From Cambridge to Eternity: “The Law of Diminishing Returns 02”
In various regards on the supply side,
we doubt that the law of diminishing returns has anything to do with the economy
in general and the economic growth in particular. In this age of softness,
moreover, the lion’s share of GDP is taken by services at least in
Anglo-America; something like 75% to 80%. What’s service got to do with it, the
law of diminishing returns? At any rate, some of us may recall the “network effect,”
the polar opposite of the famous law, in most every service industries.

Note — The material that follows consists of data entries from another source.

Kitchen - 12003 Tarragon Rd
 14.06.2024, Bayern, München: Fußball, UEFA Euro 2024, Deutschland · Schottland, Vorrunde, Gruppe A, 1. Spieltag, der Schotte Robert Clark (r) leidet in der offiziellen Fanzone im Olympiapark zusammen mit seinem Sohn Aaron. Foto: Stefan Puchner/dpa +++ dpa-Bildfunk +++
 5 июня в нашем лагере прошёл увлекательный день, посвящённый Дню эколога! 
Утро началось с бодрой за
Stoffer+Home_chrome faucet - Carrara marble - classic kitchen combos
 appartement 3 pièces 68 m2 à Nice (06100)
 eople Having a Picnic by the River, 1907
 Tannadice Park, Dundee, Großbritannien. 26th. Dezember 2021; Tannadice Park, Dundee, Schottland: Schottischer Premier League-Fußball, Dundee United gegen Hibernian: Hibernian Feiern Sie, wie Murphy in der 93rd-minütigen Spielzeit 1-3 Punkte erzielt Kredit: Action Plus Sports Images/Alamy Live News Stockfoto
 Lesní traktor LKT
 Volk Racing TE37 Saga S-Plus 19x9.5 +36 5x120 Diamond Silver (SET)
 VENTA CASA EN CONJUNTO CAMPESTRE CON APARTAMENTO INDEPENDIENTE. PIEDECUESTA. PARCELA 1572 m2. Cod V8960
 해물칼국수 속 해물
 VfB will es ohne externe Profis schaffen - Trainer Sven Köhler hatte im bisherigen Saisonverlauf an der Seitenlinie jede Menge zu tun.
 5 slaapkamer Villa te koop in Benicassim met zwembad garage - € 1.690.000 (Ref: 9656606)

Vice Versa. Suppose we are running on the job of cutting cookies. In general, the combination is one hand (h) with one cutter (c): For the sake of convenience, let us assume that “the capital to labor ratio,” often denoted as k= K/ L, initially to be the unity (k= 1c/ 1h= 1 in naked). The conventional wisdom tells us that when the ratio decreases, i.e. Δk <0, the productivity per hand diminishes (Δq/ Δh ↓), and vice versa. To be complete, the “diminishing returns” are "of" the production factor called “labor,” or vice versa.
The Problem of Taste.
Merely with the supply side, we are not done yet. What if the demand for
threads fades away? Would the law of fame still “control” the factory as before?
Which of “the dual monarchs of tastes and technology” (Samuelson and Nordhaus Economics, 2010, p. 28, italics theirs)
would be more whimsical in the Earthly economy?
Would the law of diminishing returns secularly bind the “economic growth per capita,” or y= Y/L, as in a certain celebrated model?
The Heavenly Growth.
As labor has an expiry, so does capital. Crossing the River of Expiration, the time
stops. Nevertheless, the ratio of ex-capital to ex-labor is subject to variation.
First, never take variation (T0 in the time dimension) in Eternity for change (T-1) in Here. Second, the diminishing returns applied to the ex-labor until the 1950s in secular calendar, but to the ex-capital instead ever since the 1960s in secular calendar.
Depending on Who You are.
Incidentally, the equation 1+ 1= 2
would be great news and subsequently earn global fame for the first proposer. Likewise
is the saying, “The sun rises in the east if on Earth.”
Suppose
someone proposes: “The productivity of k
stalls as the ratio of k stalls, if the
economy is zeroed in on the particular factory Thread Maker and Sons & Co. frozen with Arkwright
1.0, and if the taste for threads of general public is invariable.”
First,
don’t mention “vice versa” because there is no way back to 1950s if in Here.
Second,
what will the public response in Here be to such a proposition?
1) "Yah,
got that."
2) Tautology
3) Conventional
wisdom
4) A
rule of thumb
5) A
great theory deserving geo-fame
6) "Never
mind." There exogenous to the factory is
no such thing as “capital-labor ratio.” Nearly everyone but the Emperor is not naked.
Alas,
mathematics in general and statistics in particular are no science, empirical or
otherwise. Confucius say, "You must in the first place get the names correct (正名, zhèngmíng)."